**Your assignment**
Go through the entries below and print, exactly, the lines starting at the one with "Dainty Diamond CZ" and ending at the one with "- Фото, зображення", keeping both ends and no others.

:: Supplied information ::

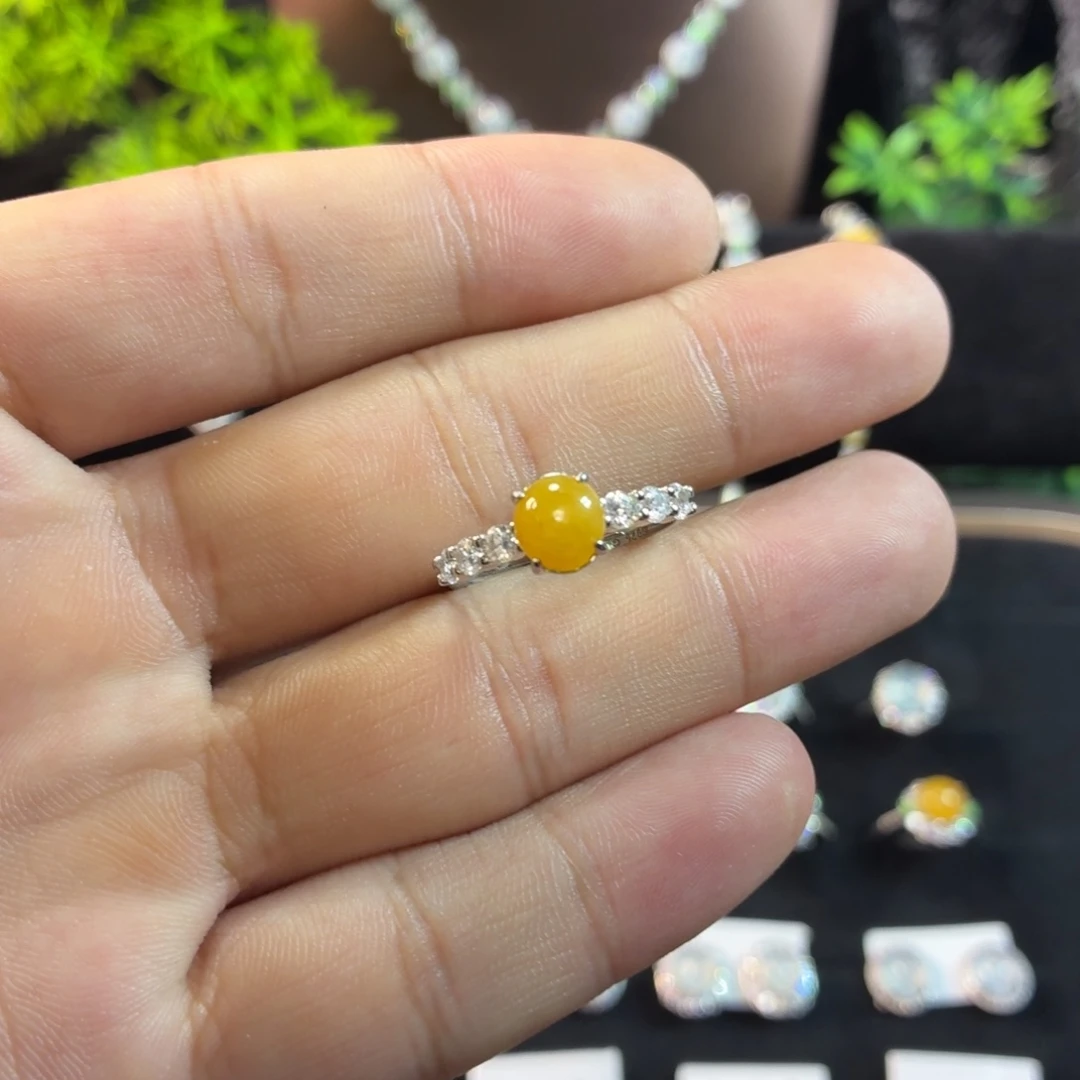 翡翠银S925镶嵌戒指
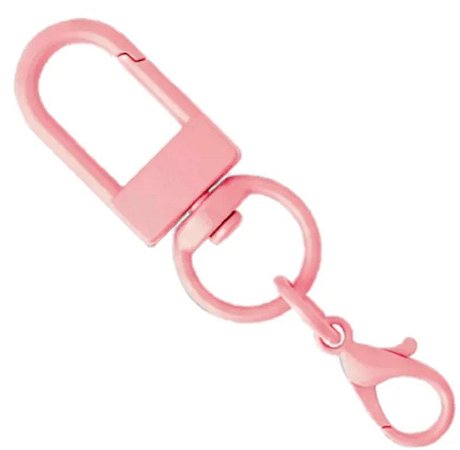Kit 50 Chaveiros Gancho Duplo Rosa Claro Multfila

:::
:: Supplied information ::

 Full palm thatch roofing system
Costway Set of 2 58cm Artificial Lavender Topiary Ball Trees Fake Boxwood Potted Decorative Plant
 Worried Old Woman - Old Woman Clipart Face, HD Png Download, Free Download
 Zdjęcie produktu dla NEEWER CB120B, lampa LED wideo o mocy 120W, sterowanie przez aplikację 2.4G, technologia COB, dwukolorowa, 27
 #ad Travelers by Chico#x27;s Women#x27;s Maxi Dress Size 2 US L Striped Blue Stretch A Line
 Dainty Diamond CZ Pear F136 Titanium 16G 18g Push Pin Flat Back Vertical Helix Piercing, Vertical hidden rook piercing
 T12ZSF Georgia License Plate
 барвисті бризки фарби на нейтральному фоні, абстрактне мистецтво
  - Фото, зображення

:::

**Exercise solution**
 Dainty Diamond CZ Pear F136 Titanium 16G 18g Push Pin Flat Back Vertical Helix Piercing, Vertical hidden rook piercing
 T12ZSF Georgia License Plate
 барвисті бризки фарби на нейтральному фоні, абстрактне мистецтво
  - Фото, зображення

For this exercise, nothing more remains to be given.